When the conversation gets back around to Miller, he clarified, “I will just say — I disagree with Jon, I do think it’s necessary to call the president names because that’s all he does is call people names … He attacks everybody.”

At least, as these four rail against the sitting president on national television, call him ugly names, and viciously attack him personally, they are pretty transparent.

Clay Waters whined in a Feb. 3 post that a “prominently placed screed” in the New York Times “went beyond any justified criticism of Trump leaping to conclusions immediately after the D.C. airplane tragedy,” going on to play defense for Trump: “For the record, Trump wasn’t blaming “diversity” per se, but the aggressive, federally mandated moves of D.E.I. (diversity, equity, and inclusion initiatives).” Seems like that’s a distinction without a difference.

Joseph Vazquez pretended that Trump had no racist intent whatsoever:

“As Trump Attacks Diversity, a Racist Undercurrent Surfaces,” read the race-baiting Feb. 3 headline from Times White House correspondent Erica Green that was framed as a news item.

Green seethed at Trump for connecting the previous administration’s obsession with putting wokeism ahead of competence in hiring to the horrific plane crash near Reagan National Airport. Green then twisted Trump’s words to screech “That’s racist!” at a strawman, following a typical media pattern. “The meaning behind his words was clear, that diversity equals incompetence. And for many historians, civil rights leaders, scholars and citizens, it was an unmistakable message of racism in plain sight at the highest levels of American government,” according to Green’s triggered screed.

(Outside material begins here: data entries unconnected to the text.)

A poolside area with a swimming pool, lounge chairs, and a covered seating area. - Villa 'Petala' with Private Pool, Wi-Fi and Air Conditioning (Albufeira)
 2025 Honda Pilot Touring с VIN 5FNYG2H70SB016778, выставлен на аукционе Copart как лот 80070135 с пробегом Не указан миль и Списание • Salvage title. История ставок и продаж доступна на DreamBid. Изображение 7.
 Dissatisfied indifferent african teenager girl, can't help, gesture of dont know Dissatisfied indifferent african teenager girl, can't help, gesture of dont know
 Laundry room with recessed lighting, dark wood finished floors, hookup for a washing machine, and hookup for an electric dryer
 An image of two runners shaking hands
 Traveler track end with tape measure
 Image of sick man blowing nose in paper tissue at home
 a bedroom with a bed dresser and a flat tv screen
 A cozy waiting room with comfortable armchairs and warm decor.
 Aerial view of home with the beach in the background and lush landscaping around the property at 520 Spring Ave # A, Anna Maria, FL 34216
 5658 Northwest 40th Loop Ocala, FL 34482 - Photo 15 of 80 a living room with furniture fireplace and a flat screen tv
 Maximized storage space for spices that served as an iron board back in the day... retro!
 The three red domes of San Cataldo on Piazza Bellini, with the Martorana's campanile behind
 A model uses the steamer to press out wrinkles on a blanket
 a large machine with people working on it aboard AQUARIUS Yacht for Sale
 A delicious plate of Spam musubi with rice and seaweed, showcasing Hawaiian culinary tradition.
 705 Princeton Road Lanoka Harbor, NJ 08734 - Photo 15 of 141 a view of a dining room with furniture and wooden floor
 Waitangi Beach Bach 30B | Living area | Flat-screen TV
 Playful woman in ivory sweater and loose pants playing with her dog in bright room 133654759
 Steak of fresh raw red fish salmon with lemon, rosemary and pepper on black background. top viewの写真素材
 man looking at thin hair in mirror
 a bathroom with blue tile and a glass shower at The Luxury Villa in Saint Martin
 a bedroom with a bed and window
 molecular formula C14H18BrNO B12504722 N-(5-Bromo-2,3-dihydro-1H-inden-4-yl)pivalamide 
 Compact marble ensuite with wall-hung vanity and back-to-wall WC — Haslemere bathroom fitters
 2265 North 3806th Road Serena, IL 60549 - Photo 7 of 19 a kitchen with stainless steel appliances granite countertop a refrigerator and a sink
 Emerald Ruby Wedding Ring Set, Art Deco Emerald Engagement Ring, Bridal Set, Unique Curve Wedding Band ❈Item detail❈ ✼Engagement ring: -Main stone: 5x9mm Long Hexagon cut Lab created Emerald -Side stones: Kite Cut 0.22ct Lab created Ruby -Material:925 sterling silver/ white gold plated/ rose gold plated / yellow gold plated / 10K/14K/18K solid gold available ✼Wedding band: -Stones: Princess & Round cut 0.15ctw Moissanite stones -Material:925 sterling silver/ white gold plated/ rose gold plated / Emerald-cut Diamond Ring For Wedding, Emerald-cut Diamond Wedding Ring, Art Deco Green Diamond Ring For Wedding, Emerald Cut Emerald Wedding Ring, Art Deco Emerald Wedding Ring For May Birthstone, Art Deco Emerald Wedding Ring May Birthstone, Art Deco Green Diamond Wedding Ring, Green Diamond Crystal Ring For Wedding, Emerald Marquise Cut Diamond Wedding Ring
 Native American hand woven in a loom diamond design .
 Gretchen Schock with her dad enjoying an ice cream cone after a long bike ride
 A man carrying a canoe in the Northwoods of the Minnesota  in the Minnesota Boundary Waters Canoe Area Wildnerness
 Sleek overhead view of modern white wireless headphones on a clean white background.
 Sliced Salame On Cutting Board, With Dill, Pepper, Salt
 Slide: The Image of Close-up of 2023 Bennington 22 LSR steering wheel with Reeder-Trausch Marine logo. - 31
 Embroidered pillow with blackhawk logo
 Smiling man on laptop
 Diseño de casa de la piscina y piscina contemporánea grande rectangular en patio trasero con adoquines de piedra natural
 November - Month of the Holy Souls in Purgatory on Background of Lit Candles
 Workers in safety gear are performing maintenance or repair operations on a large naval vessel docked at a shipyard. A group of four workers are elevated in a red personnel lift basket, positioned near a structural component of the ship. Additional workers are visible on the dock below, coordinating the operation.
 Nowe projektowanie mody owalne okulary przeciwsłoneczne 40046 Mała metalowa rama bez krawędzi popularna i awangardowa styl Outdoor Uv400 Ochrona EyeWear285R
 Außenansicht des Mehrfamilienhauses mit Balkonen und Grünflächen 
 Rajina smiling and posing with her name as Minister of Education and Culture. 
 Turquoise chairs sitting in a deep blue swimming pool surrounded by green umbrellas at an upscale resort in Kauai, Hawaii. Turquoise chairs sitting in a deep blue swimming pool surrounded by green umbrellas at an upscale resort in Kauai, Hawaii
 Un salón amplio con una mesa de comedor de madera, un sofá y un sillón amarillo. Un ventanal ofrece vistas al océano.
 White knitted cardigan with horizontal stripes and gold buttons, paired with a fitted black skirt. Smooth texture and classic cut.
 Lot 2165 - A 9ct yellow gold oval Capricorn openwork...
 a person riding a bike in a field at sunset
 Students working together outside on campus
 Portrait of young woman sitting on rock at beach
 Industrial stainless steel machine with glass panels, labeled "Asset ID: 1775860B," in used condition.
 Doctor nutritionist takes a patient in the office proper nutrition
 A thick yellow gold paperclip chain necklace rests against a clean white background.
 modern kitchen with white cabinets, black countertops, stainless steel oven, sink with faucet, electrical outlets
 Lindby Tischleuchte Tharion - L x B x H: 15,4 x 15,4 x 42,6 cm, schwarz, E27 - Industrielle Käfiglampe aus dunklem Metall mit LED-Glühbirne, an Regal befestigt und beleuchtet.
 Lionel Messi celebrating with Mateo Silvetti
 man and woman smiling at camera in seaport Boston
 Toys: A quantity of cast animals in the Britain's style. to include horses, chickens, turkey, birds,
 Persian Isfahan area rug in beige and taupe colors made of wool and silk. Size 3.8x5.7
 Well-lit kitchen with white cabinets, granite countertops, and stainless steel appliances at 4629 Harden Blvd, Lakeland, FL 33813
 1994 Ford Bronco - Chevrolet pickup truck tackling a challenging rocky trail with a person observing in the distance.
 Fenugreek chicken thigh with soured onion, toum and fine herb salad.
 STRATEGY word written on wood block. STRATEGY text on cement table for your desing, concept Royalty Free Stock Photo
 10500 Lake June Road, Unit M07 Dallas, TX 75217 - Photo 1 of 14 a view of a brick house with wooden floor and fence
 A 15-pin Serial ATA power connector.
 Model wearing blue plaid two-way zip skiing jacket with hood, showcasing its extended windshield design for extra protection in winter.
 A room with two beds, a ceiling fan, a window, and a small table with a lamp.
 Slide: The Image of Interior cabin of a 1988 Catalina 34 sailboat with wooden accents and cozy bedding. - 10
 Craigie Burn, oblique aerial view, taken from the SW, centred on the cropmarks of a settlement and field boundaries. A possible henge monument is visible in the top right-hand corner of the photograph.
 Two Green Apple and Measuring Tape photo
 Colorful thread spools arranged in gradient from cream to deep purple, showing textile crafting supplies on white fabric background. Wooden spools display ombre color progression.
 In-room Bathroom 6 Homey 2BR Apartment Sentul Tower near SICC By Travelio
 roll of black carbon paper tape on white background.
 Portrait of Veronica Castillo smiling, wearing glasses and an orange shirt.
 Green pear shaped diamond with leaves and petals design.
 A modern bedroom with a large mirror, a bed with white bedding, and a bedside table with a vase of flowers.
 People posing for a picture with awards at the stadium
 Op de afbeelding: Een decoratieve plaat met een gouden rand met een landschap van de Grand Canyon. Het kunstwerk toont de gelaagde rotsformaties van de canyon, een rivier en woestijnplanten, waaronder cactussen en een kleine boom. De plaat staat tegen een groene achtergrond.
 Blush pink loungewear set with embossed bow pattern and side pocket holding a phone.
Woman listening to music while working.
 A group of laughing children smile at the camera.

Of course, “diversity equals incompetence” is not at all what Trump was saying. Rather, Trump was simply alluding to the common sense notion that the color of one’s skin should have no bearing on a government or company’s considerations of a candidate for their workforce in place of their merit and ability. As Martin Luther King Jr. once said, “I have a dream that my four little children will one day live in a nation where they will not be judged by the color of their skin but by the content of their character.”

Then again, this is the same Green who went on a tear against supposedly racist “white parents” in 2021 for daring to take issue with their children being indoctrinated by activist educators with critical race theory (CRT) propaganda. 

And right-wing anti-DEI and anti-CRT ranting is somehow not propaganda?

Houck used a Feb. 11 post to tout how at the right-wing Daily Caller, “our friends Amber Duke and Reagan Reese did a deep dive of nearly 2,400 words on the long, troubling history of close calls at Reagan National Airport in Arlington, Virginia across from Washington D.C. leading up to the deadly mid-air collision on January 29 that left 67 dead.” But those writers didn’t blame DEI once, which would seem to put the lie to Trump’s remarks.